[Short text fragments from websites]
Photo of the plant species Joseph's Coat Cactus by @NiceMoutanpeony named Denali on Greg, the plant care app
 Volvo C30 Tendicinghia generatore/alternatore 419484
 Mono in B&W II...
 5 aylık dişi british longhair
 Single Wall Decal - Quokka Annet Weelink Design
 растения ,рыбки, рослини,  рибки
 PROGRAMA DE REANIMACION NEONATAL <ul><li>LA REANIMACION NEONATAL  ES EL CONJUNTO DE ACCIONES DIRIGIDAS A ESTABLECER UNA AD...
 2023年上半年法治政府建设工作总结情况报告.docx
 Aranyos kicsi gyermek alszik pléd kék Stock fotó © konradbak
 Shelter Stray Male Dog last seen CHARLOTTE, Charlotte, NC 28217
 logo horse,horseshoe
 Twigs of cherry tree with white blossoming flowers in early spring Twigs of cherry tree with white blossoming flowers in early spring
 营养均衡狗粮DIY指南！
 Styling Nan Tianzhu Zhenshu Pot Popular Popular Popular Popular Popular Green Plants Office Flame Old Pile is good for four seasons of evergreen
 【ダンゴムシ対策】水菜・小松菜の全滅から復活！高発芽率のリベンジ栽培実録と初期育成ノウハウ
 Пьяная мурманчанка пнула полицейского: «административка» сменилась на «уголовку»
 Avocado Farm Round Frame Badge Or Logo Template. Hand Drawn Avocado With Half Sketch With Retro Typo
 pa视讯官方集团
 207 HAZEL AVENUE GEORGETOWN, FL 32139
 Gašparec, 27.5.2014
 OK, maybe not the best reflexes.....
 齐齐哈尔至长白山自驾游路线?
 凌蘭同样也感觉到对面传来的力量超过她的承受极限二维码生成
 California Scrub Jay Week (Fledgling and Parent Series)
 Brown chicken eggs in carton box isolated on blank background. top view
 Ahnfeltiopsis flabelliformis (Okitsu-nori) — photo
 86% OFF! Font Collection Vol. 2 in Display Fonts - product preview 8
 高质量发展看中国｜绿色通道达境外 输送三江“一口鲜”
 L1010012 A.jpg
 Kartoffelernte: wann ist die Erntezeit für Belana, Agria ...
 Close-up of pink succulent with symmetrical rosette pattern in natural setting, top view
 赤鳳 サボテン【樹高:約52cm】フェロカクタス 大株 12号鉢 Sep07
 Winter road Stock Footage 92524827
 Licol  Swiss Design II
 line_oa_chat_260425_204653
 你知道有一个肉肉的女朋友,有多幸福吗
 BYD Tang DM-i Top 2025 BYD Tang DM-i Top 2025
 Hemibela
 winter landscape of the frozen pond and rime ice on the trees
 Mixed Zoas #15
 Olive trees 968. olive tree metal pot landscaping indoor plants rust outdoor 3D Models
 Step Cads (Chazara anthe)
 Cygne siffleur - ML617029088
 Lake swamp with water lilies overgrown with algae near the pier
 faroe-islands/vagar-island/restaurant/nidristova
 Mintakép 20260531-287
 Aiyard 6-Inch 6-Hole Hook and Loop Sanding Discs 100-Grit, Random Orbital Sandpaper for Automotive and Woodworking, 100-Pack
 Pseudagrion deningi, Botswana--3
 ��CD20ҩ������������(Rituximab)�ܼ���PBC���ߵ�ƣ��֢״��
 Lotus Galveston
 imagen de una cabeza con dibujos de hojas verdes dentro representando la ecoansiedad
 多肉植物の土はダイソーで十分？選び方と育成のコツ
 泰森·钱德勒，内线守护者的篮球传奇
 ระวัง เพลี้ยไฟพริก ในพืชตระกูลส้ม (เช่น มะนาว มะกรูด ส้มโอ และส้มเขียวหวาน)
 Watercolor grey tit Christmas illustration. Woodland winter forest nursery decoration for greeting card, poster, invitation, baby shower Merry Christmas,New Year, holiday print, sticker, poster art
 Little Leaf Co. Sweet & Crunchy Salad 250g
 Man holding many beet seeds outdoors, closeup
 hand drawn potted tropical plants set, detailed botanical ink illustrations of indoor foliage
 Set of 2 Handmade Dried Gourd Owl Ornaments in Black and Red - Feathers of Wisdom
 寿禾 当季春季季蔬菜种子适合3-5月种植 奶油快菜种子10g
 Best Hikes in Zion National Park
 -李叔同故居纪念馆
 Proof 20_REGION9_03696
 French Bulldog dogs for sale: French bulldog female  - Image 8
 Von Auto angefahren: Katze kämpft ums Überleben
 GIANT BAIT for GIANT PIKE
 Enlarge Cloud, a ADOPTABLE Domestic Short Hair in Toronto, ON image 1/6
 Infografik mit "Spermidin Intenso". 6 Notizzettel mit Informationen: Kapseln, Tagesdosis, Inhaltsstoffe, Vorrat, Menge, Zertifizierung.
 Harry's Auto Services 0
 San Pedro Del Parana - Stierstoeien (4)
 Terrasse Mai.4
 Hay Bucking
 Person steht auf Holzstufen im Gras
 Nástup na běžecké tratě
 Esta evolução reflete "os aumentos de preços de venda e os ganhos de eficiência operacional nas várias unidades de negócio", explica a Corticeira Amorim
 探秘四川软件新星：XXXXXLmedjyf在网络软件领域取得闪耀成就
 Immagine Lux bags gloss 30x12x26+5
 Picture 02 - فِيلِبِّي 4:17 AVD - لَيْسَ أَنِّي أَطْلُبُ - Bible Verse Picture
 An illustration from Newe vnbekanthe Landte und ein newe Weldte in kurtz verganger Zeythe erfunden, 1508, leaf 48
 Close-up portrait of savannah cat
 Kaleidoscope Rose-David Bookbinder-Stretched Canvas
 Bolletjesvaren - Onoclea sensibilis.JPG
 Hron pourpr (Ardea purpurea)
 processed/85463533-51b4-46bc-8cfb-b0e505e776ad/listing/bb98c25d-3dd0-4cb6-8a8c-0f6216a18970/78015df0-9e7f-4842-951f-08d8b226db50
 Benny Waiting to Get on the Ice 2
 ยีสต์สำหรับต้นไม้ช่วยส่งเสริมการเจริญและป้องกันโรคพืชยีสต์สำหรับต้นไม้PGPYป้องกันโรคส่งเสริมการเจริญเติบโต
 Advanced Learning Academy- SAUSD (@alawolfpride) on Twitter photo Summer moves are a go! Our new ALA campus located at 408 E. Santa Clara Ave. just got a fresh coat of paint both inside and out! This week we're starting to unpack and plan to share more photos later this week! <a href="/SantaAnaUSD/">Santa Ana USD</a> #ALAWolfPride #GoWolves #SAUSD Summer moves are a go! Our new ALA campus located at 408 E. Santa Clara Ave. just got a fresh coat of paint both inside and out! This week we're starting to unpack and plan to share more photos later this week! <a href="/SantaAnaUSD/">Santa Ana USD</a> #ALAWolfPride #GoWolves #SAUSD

→ **Directions for this task**
The entries above hold the needed span. Transcribe exactly the lines from the one with "齐齐哈尔至长白山自驾游路线?" to the one with "Ahnfeltiopsis flabelliformis (Okitsu-nori)", both included.

→ **Solved problem**
 齐齐哈尔至长白山自驾游路线?
 凌蘭同样也感觉到对面传来的力量超过她的承受极限二维码生成
 California Scrub Jay Week (Fledgling and Parent Series)
 Brown chicken eggs in carton box isolated on blank background. top view
 Ahnfeltiopsis flabelliformis (Okitsu-nori) — photo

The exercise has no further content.